Embracing Error to Enable Rapid Crowdsourcing
This addresses the scalability problem for researchers and practitioners in social science and machine learning who rely on crowdsourced datasets, offering a significant improvement over incremental approaches.
The paper tackles the high cost and slow pace of microtask crowdsourcing by introducing a technique that speeds up workers' judgments by accepting errors, which are then rectified through randomization and modeling of response latency, achieving up to a 10x speedup compared to prior methods.

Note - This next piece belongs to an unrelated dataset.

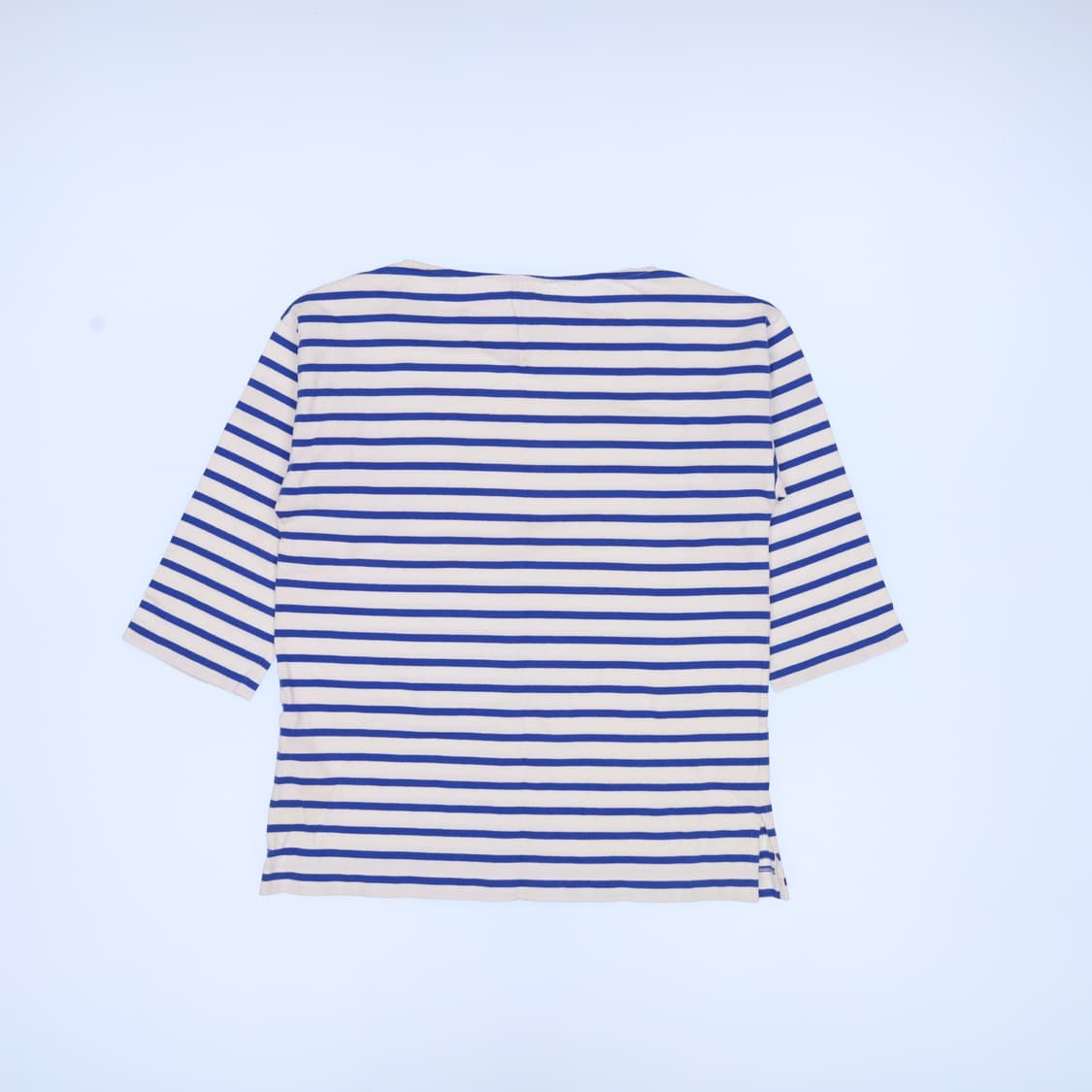 Free 럭키슈에뜨 여성 단가라 티셔츠 N7569 상품이미지2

Microtask crowdsourcing has enabled dataset advances in social science and machine learning, but existing crowdsourcing schemes are too expensive to scale up with the expanding volume of data. To scale and widen the applicability of crowdsourcing, we present a technique that produces extremely rapid judgments for binary and categorical labels. Rather than punishing all errors, which causes workers to proceed slowly and deliberately, our technique speeds up workers' judgments to the point where errors are acceptable and even expected. We demonstrate that it is possible to rectify these errors by randomizing task order and modeling response latency. We evaluate our technique on a breadth of common labeling tasks such as image verification, word similarity, sentiment analysis and topic classification. Where prior work typically achieves a 0.25x to 1x speedup over fixed majority vote, our approach often achieves an order of magnitude (10x) speedup.